Initially a supporter of President Zuma, who he hoped would be a Latin American-style populist like Chavez or Lula, Vavi has grown more critical. Vavi has strongly attacked the government on its plans to introduce a new e-tolling system on public roads, as well as on the Protection of State Information Bill - the secrecy bill – which would allow the state to prosecute journalists publishing details of corruption.

Vavi has criticised corruption in the ANC, saying that the party has come to stand for Absolutely No Consequences.

Because Cosatu is affiliated to the ANC, this tension runs through the unions too, between those who are loyal to the party, and those who put members first. It is this dynamic that has lead to splits in the miners’ union NUM, and the transport workers’ union SATAWU, and contributed to the violence at Marikana.

Vavi has strongly criticised these tendencies in Cosatu, and been very vocal about the need of the federation to put members first. And in doing so, he has angered a number of union leaders. At heart, the political division is over where power should lie – in parliament, or the shop floor? Do we change society from above or below?

There were attempts to oust Vavi at last year’s Cosatu congress. These were unsuccessful due to his rank-and-file popularity. Having failed to remove Vavi through democratic means, it seems that his enemies – mostly from NUM and the police and prisons union POPCRU – have resorted to allegations of corruption. He is also accused of siding with NGOs, social movements and opposition parties against the government.

His real crime seems to be that he puts workers’ interests before those of the party and government.

Corruption is a major problem in South Africa, and Vavi is a significant thorn in the side of those trying to turn South Africa into a kleptocrat’s paradise. If his enemies succeed, it will be a major retrograde step for the country.

Mexico: powerful union leader punished for “disloyalty”

In Mexico, the leader of the SNTE teachers’ union, Esther Gordillo, has been charged with fraud and organised crime. With 1.5 million members, her union is the biggest in Latin America, and she is a powerful political figure. She has been in position for 20 years, and there have been numerous fraud allegations against her during this period.

Gordillo and her union have always been allied to the nominally centre-left Institutional Revolutionary Party (PRI), which has ruled Mexico since 1929, except for a brief recent period when power passed to the right-wing PAN. In 2006, after forming her own party, Gordillo put her union’s support into the alliance behind Felipe Calderon of the PAN, and the PAN narrowly won. Given her powerful voting block, Gordillo is probably responsible for the PAN victory, and many in the PRI saw her as a traitor.
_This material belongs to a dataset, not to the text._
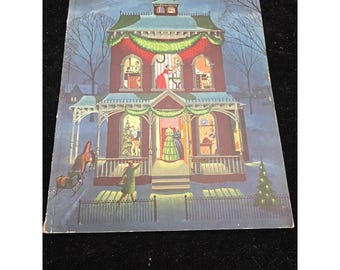 Vtg 1953 Abbott Laboratories Catalog What's New Christmas Illustrated Chicago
At the last Mexican general election in 2012, the PRI were returned to power on a platform that included significant educational reforms, opposed by the unions. There is speculation that the charges against Gordillo are punishment for resisting the reforms, and for backing the PAN.

In Gordillo’s case, there seem to be grounds for the charges – she has lived a very lavish lifestyle for many years, and patronage is a major factor of Mexican political life.

Conclusion

Both of these cases go to the heart of how unions conduct their business in a hostile environment, and should have resonances in most countries. Do we rely on political parties to change things for us, or do we build union strength and power at the workplace, and through collective bargaining? Or do we do both? This is certainly a difficult balancing act that needs a tremendous amount of skill, integrity and strategy to carry out effectively.

In the UK, a new breed of trade union leaders, such as Unite’s Len McCluskey and Mark Serwotka of the PCS, seem to be managing this difficult balance brilliantly.

Mexico and South Africa are not the only countries were unions have had to do deals with political parties. However unpalatable realpolitik becomes, union activists need to ensure that workers’ needs are being put first.